▶ _What you have to do_
In the entries below, count each line holding the word "Pearl". Answer with the total alone.

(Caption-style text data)
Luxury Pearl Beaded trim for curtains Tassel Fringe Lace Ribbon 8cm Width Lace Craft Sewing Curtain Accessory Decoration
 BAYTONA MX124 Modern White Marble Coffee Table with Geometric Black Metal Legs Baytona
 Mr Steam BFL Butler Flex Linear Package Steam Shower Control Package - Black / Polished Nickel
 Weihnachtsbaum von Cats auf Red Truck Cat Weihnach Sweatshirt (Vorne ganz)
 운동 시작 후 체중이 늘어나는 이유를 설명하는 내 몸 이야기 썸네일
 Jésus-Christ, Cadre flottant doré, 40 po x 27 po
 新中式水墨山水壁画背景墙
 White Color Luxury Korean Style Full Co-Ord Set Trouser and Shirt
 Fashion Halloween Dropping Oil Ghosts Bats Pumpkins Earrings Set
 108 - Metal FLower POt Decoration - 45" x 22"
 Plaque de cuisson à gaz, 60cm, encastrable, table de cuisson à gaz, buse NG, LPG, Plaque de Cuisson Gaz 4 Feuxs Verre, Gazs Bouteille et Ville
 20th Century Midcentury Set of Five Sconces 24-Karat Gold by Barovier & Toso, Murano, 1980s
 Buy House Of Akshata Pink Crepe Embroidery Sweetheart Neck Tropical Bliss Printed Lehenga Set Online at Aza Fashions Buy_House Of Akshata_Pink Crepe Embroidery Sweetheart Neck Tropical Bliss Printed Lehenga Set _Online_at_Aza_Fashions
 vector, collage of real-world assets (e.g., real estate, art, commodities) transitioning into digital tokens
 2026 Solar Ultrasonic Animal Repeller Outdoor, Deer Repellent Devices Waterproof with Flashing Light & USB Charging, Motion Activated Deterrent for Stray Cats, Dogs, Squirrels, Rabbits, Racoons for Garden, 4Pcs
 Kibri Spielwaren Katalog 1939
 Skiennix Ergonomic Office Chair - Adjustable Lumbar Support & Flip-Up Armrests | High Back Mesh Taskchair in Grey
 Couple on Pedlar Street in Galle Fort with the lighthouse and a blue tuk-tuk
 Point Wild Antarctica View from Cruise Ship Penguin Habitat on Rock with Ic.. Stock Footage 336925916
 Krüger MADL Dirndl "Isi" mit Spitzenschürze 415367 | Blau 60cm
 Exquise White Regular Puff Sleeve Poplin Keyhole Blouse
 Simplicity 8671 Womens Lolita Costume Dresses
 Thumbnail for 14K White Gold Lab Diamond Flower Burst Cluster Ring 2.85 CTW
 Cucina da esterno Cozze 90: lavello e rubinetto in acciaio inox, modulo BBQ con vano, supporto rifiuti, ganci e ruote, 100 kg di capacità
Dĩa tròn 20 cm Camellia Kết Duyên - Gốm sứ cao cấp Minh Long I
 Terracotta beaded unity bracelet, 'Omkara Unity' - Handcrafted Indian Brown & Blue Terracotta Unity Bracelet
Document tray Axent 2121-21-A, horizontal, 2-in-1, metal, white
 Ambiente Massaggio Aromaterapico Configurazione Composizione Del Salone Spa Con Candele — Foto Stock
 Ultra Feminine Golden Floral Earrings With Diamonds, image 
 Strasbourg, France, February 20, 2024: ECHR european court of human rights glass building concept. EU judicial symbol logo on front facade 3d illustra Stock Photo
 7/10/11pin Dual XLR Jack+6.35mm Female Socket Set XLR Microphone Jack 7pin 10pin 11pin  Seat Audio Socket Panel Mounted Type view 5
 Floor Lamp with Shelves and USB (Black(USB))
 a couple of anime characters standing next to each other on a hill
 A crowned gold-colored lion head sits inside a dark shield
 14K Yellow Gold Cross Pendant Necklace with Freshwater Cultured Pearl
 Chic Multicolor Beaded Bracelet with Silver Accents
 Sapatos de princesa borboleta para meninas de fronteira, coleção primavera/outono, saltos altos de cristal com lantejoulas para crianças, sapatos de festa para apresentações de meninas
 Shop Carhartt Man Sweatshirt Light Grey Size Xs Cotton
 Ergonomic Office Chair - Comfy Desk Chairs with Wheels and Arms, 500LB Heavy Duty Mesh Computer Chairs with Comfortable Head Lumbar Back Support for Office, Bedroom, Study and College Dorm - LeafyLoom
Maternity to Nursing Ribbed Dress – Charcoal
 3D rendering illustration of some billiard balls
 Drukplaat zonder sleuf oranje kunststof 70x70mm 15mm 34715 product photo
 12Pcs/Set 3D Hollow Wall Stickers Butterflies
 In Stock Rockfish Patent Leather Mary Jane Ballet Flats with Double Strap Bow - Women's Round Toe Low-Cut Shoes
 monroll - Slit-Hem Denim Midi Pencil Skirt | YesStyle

▶ _Task result_
2